● About this task
Work out how many lines in the listing below carry the word "show". Give that number alone.
---+---
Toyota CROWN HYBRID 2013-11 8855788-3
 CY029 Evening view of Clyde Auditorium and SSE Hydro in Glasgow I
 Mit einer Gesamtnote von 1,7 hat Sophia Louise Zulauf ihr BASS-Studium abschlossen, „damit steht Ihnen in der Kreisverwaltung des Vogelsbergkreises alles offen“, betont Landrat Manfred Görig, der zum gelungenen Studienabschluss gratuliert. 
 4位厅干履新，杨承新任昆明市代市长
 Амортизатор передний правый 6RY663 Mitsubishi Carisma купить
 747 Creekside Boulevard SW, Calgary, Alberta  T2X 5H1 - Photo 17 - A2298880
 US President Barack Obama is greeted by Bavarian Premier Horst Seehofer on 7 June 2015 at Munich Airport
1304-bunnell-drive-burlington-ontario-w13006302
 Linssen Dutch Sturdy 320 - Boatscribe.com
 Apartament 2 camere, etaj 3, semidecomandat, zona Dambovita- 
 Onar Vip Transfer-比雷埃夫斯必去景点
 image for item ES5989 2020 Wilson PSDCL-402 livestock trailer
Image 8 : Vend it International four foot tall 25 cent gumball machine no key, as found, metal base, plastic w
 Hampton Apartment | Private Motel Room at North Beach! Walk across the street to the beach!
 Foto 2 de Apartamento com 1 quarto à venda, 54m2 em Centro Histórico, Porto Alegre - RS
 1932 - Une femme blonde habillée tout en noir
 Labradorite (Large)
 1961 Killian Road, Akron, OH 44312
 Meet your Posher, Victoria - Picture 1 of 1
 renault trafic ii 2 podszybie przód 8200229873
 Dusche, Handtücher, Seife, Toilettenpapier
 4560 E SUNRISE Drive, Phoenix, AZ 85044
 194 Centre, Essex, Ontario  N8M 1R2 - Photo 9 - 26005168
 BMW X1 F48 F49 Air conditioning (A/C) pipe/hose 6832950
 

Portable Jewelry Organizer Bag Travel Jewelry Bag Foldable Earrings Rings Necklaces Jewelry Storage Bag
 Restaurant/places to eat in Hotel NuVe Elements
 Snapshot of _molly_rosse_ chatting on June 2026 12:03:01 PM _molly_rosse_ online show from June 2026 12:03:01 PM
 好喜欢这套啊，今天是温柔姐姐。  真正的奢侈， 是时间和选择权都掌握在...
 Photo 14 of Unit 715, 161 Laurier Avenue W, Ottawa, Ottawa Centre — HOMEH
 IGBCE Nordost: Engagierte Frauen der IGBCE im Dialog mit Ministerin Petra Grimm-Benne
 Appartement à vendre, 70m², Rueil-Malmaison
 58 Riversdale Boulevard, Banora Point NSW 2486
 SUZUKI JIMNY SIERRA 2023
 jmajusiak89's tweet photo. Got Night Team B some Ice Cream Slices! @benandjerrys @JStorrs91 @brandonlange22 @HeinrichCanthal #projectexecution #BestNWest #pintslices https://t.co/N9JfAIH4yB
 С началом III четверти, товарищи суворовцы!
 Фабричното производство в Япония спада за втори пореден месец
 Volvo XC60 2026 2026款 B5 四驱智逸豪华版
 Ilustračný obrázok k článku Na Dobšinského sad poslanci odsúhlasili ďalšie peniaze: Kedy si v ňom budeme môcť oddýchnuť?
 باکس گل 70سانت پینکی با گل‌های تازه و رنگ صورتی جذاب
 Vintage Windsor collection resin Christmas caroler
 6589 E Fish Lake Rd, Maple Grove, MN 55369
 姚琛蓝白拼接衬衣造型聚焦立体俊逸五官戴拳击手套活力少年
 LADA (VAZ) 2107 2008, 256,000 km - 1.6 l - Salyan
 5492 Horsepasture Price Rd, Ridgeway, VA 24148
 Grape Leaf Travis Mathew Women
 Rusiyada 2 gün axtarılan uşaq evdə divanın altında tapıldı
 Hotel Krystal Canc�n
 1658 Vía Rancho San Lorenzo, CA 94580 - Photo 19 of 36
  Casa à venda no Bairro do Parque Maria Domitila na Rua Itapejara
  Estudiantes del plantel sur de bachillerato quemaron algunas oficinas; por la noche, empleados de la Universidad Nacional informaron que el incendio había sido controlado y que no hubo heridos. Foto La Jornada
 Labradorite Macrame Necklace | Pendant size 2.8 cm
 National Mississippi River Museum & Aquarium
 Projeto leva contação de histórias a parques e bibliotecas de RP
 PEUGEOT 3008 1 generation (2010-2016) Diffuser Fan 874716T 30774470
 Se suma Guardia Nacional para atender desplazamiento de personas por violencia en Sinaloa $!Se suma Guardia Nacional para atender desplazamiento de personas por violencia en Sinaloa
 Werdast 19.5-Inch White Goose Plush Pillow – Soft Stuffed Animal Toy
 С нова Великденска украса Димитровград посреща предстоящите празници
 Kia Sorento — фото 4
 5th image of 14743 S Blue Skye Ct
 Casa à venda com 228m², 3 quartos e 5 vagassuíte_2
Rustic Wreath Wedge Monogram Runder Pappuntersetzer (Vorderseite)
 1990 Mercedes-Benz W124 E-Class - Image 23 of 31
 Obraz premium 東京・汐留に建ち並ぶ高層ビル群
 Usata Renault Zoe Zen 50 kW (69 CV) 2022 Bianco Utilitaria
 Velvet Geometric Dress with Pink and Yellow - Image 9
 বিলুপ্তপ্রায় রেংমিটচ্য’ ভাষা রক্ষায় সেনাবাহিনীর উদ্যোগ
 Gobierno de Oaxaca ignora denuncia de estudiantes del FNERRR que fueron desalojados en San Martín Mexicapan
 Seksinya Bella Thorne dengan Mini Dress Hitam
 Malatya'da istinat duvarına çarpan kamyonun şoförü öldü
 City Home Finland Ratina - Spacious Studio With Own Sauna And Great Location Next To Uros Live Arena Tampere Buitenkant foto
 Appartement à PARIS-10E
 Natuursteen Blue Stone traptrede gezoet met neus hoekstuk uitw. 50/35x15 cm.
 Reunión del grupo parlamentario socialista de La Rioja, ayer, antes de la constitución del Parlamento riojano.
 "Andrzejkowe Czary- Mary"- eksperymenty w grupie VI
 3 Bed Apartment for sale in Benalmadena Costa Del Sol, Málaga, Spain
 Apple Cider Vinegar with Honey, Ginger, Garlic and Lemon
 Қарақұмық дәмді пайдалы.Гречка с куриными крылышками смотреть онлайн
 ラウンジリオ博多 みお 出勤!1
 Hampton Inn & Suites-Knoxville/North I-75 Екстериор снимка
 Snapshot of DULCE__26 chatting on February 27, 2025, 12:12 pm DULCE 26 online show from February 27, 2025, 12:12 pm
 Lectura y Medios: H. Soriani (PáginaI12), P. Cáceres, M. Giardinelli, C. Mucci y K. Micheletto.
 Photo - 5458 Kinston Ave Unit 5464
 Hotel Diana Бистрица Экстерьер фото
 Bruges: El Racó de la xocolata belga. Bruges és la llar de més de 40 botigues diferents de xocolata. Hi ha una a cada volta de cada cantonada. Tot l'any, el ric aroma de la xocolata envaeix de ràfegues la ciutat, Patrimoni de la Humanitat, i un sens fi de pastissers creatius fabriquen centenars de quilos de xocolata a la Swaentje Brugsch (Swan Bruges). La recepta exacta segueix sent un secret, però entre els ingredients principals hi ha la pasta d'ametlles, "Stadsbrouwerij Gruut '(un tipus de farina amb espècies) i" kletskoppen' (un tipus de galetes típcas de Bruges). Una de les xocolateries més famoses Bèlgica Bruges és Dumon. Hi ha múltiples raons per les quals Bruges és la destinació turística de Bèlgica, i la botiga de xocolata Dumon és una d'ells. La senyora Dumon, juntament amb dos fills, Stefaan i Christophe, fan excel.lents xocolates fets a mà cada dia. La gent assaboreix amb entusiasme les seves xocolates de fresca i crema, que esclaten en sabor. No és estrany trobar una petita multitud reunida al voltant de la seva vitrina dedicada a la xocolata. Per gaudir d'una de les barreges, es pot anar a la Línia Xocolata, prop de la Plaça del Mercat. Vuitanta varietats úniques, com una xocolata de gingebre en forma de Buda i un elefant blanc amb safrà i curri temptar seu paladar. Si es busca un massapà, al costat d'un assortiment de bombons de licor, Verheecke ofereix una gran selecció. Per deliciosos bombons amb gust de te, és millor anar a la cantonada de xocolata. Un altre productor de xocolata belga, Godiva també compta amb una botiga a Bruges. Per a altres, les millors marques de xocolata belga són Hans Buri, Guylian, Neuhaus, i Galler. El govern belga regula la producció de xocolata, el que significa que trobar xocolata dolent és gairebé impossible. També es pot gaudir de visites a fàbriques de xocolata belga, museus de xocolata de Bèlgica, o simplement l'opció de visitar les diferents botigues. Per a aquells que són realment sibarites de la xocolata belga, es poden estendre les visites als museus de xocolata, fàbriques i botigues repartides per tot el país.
---+---
● Solved exercise
2